Händels Bühnenwerke haben in der Komischen Oper eine besondere Tradition, die noch auf die Zeit von Harry Kupfer zurückgeht, der dort Opern wie „Giustino“ mit dem Countertenor Jochen Kowalski inszenierte. Nun plant man dort wieder, mehrere Händel-Stücke zu spielen. Den Startschuss in dieser Spielzeit bildet sein Oratorium „Jephtha“, das am Sonntag konzertanter Form unter Christian Curnyn mit einer exzellenten Solistenriege aufgeführt wurde.
„Jephtha“ ist das letzte Oratorium, das Händel zu Papier brachte, und eines seiner bedeutendsten Bühnenwerke. Er komponierte es acht Jahre vor seinem Tod während seiner fortschreitenden Erblindung, 1752 wurde es in seiner langjährigen Wahlheimat London uraufgeführt.
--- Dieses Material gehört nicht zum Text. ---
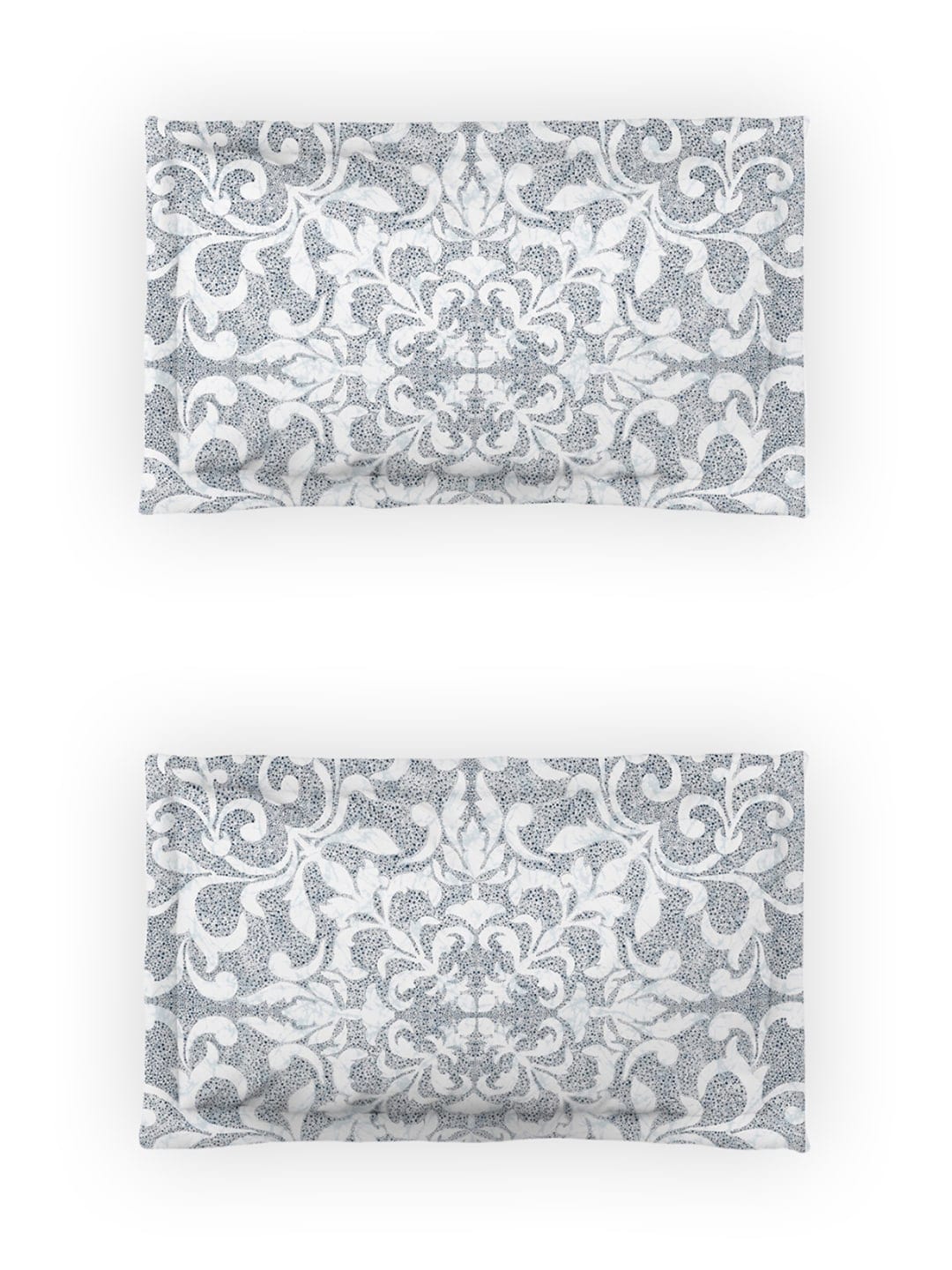 DDecor Blue & White Ethnic Motifs Cotton 140 TC King Bedsheet With 2 Pillow Covers | Grocsy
In dem Stück geht es um den biblischen Jephtha, der Gott verspricht, dass er im Falle des Sieges seiner Israeliten im Krieg gegen die Ammoniter das Erste, was ihm aus seinem Haus entgegenkommt, als Opfer darbringen wird. Es ist seine Tochter Iphis.
Jephtha ist am Boden zerstört und weiß nicht, was er tun soll. Seine Frau Storgè versucht ihn zu trösten, aber nichts scheint ihm helfen zu können. Währenddessen betet Iphis zu Gott, dass er ihr Leben retten möge. Als Iphis aus dem Haus kommt, um ihren Vater zu begrüßen, ist Jephtha zutiefst verzweifelt, kann aber sein Versprechen nicht brechen. Iphis ist bereit, als Opfer zu sterben, aber es geschieht ein Wunder: Ein Engel erscheint und verkündet, dass Gott ihr Leben verschont, sie muss allerdings jungfräulich bleiben und darf ihren Geliebten Hamor nicht ehelichen. Jephtha und seine Familie sind dennoch erleichtert und singen ein Loblied auf Gott.
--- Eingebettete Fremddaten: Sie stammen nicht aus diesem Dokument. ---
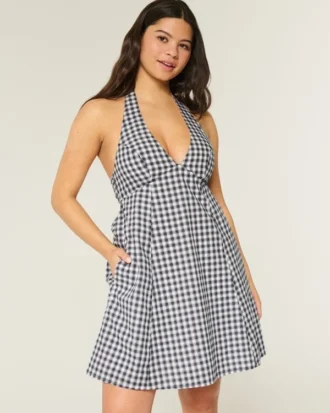 Arkası Açık Halter Mini Elbise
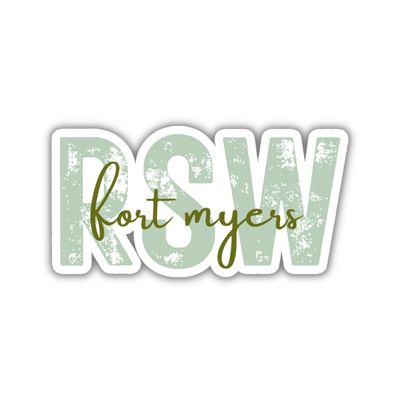 RSW Fort Myers Florida Airport Code Travel Sticker, Multiple Colors, Vinyl Laptop Water Bottle Planner Journal, Places I've Been, Luggage Decal (Green)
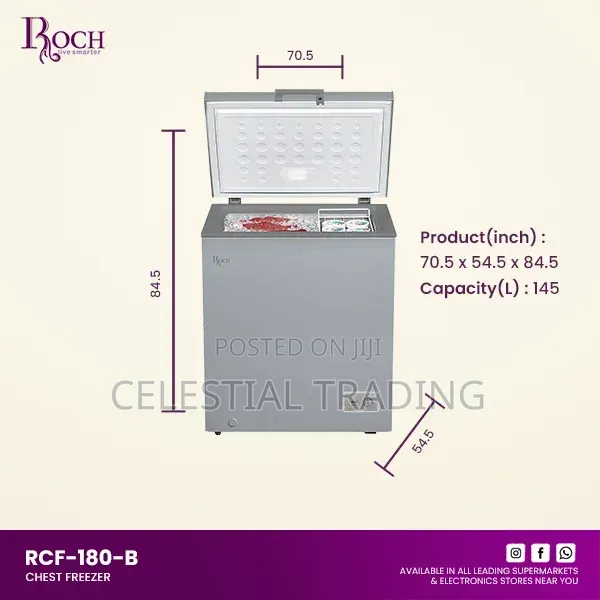 Roch Chest Freezer 145l (Rcf-180-B)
Der britische Dirigent Christin Curnyn bewies sich als Barock-Spezialist
Der britsche Barock-Spezialist Curnyn brachte Händels Partitur gekonnt zum Klingen. Mit kernigem Ton und tänzerischen Schwung ließ er das Orchester der Komischen Oper aufspielen, ohne ihm rasende Tempi abzufordern oder Akzente zu übertreiben, auch die Chorsänger überzeugten durch Präzision und transparenten Klang in den polyphonen Passagen. Das hohe Niveau setzte sich bei den Solisten fort, hier begeisterte neben dem exzellenten britschen Tenor Andrew Staples, der mit seinem höhensicheren Tenor farbenreich und dynamisch differenziert gestaltete, vor allem der amerikanische Countertenor Key´mon W. Murrah in der Rolle des Hamor. Über alle Register hinweg sang er mit einer wunderbar weichen und geschmeidigen Stimme, auch in den höchsten Höhen, bisweilen glaubte man wahrlich eine Altistin zu hören.
Auch Lexi Hutton überzeugte als Iphis mit ihrem hell strahlenden Sopran, und ihre Mezzo-Kollegin Ezgi Kutlu als Storgè zeigte neben schönem warmem Farben in der Mittellage auch dramatische Qualitäten. Die besonderen Publikumslieblinge an diesem Abend waren allerdings zwei Kinder: der 15-jährige Pablo Brandes, der mit guter Artikulation und gedächtnissicher als Erzähler auftrat, sowie ein Sopran aus dem Tölzer Knabenchor, der wunderbar beseelt den Part des Engels sang. Die beiden Nachwuchskünstler erhielten zurecht Sonderapplaus vom Publikum im nahezu ausverkauften Saal. nach dieser eindrucksvollen Aufführung, bei der man sich zwei Fragen stellte: Warum wurde dieses wunderbare Stück nur einmal gespielt und warum nicht szenisch?